((

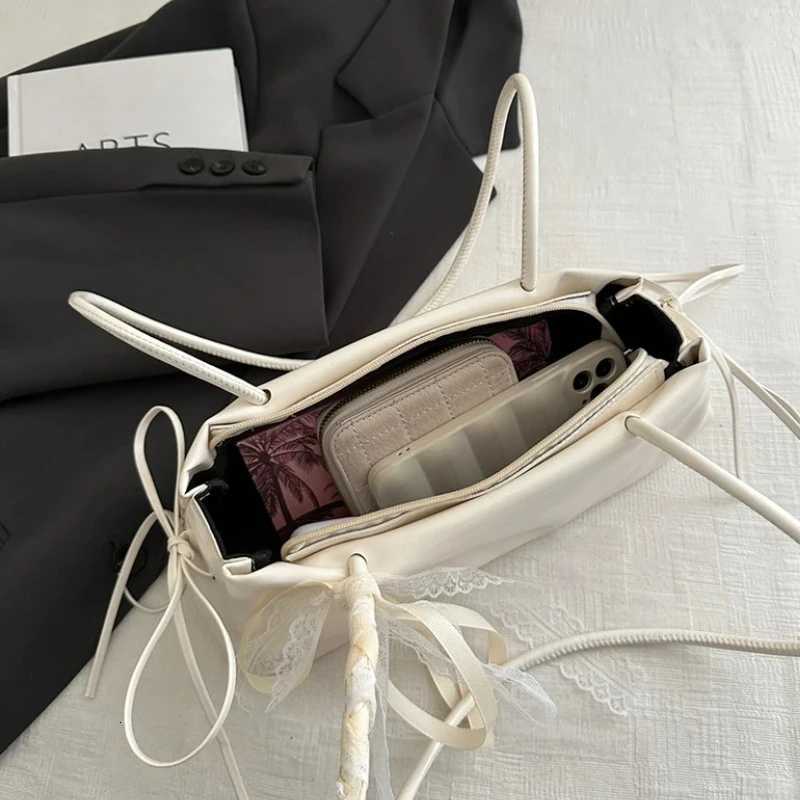 French Elegant Square Bag Korean Bow Decorati Pu Highquality Bag Niche Simple Ballet Style Shoder Bag New Casual Wen Bags1 D251027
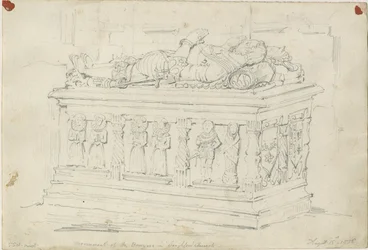 Seighford Church - Tomb of William and Mercy Bowyer: blyanttegning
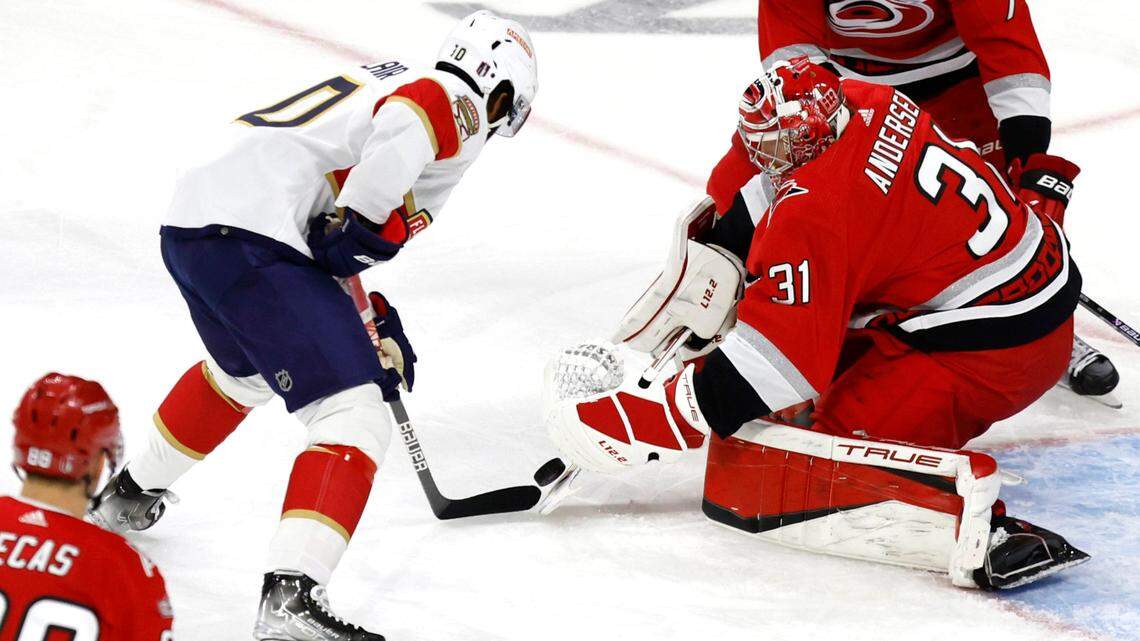 Carolina goaltender Frederik Andersen (31) stops the shot by Florida left wing Anthony Duclair (10) during the first period of the Hurricanes’ game against the Panthers in the first game of Eastern Conference Finals at PNC Arena in Raleigh, N.C., on Thursday, May 18, 2023.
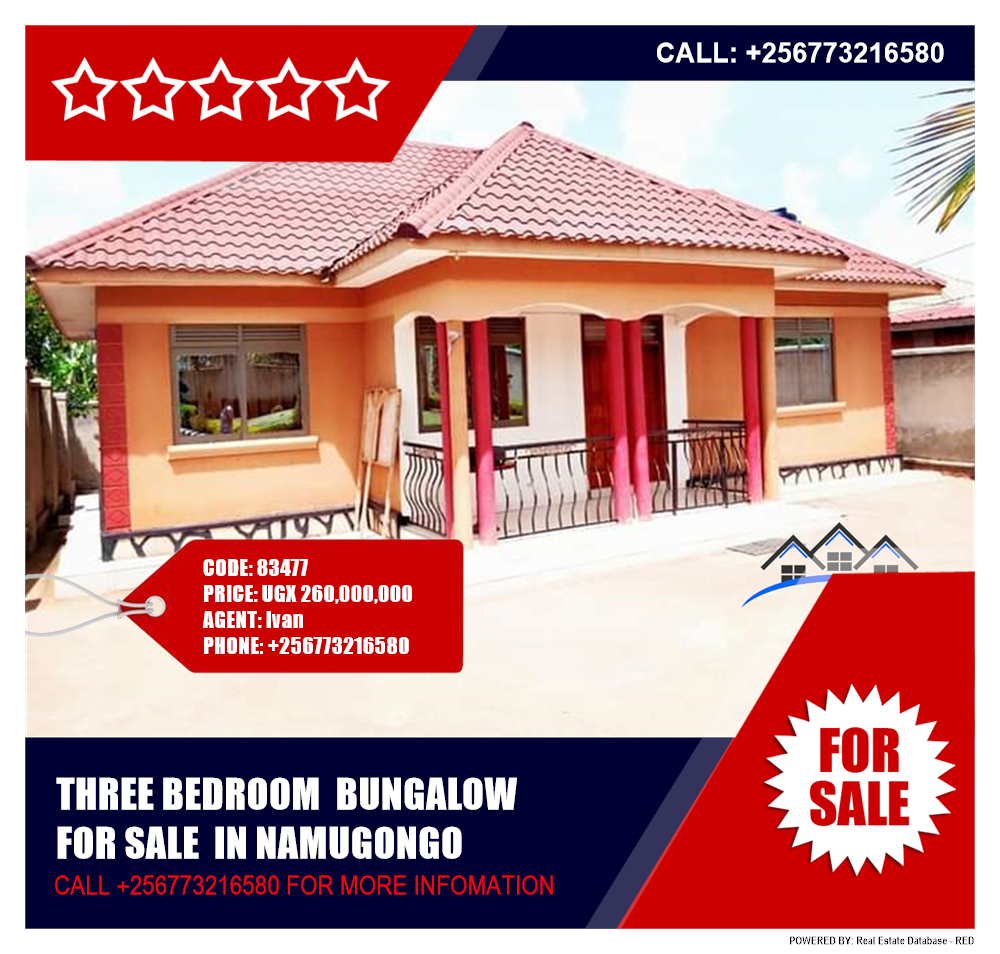 3 bedroom Bungalow  for sale in Namugongo Wakiso Uganda, code: 83477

))

_What is needed_: The answer should contain only the lines from the one with "Seighford Church - Tomb" through the last line of the material, given word for word and without pictures.

_Task answer_:
 Seighford Church - Tomb of William and Mercy Bowyer: blyanttegning
 Carolina goaltender Frederik Andersen (31) stops the shot by Florida left wing Anthony Duclair (10) during the first period of the Hurricanes’ game against the Panthers in the first game of Eastern Conference Finals at PNC Arena in Raleigh, N.C., on Thursday, May 18, 2023.
 3 bedroom Bungalow  for sale in Namugongo Wakiso Uganda, code: 83477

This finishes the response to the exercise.